By Scott Bay
Photography by Anette Apel and Chloé le Mestre
In a time of design obsessed with spectacle, the Charpentier endures as a masterstroke of understatement. The table is Liaigre at its most distilled: elemental, architectural, and remarkably refined. Created in the 1990s and reissued for release this October in a new expression, this elegant yet monumental table remains one of the purest examples of the house’s enduring ethos.
Christian Liaigre, the late French designer who founded the studio, rose to prominence by stripping interiors of excess, instead focusing on a sense of serenity and necessity. His work—marked by natural materials and exacting craftsmanship—shaped everything from beachfront villas to megayachts to Manhattan penthouses. He brought a uniquely French sensibility, similar to the country’s eponymous couture houses, to the global home design stage, defining what would come to be known as “quiet luxury” decades before it became a buzzword.



The Charpentier sits at the heart of this legacy. “It perfectly embodies some of the essential values of Liaigre, a permanent appreciation for simplicity and a serious consideration of needs and functions, which in turn dictate forms,” says Bertrand Thibouville, the house’s senior creative director for interior design projects and collection since 2010. Named for the French word for carpenter, the table was designed to serve a function above all else—however, in Liaigre’s hands, that function was elevated into a design masterpiece.
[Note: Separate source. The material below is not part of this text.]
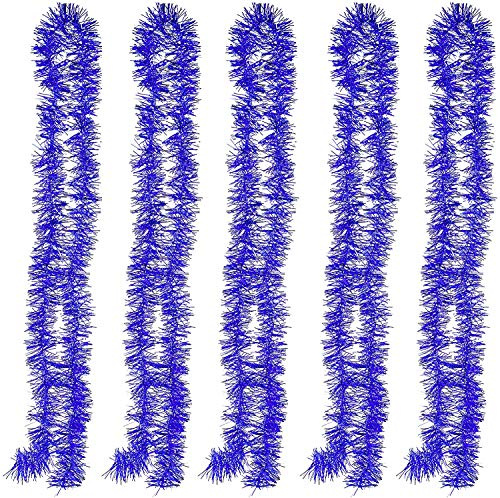 POFET 5 Stück Weihnachten Lametta Girlande, 2M Lametta Glänzend Girlande,Weihnachtsbaum Dekoration Girlande,Festliches Weihnachten Lamettaa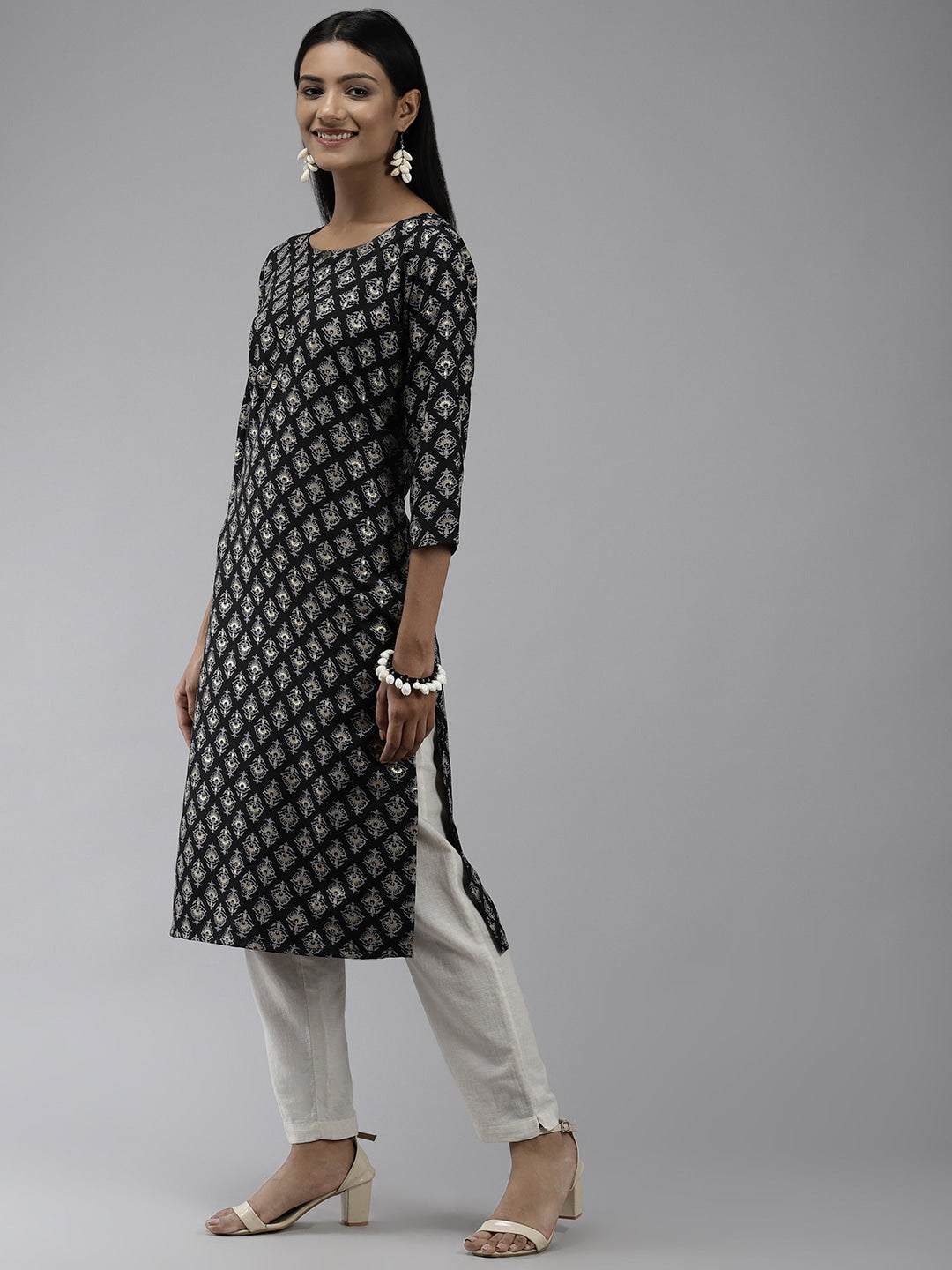 Black Printed Kurta-Yufta Store-2749KURBKS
The new iteration enhances that lineage with a coal finish that reveals the grain of the oak, giving depth to its simple silhouette. “This beauty is born out of generous proportions, special attention to ergonomics, usability, and the touch and feel of materials,” says Thibouville. “It visually disappears in an interior and becomes the perfect coffee table for every use.” The table anchors a room without ever overtaking it: “Through its silence and discretion, it becomes indispensable.”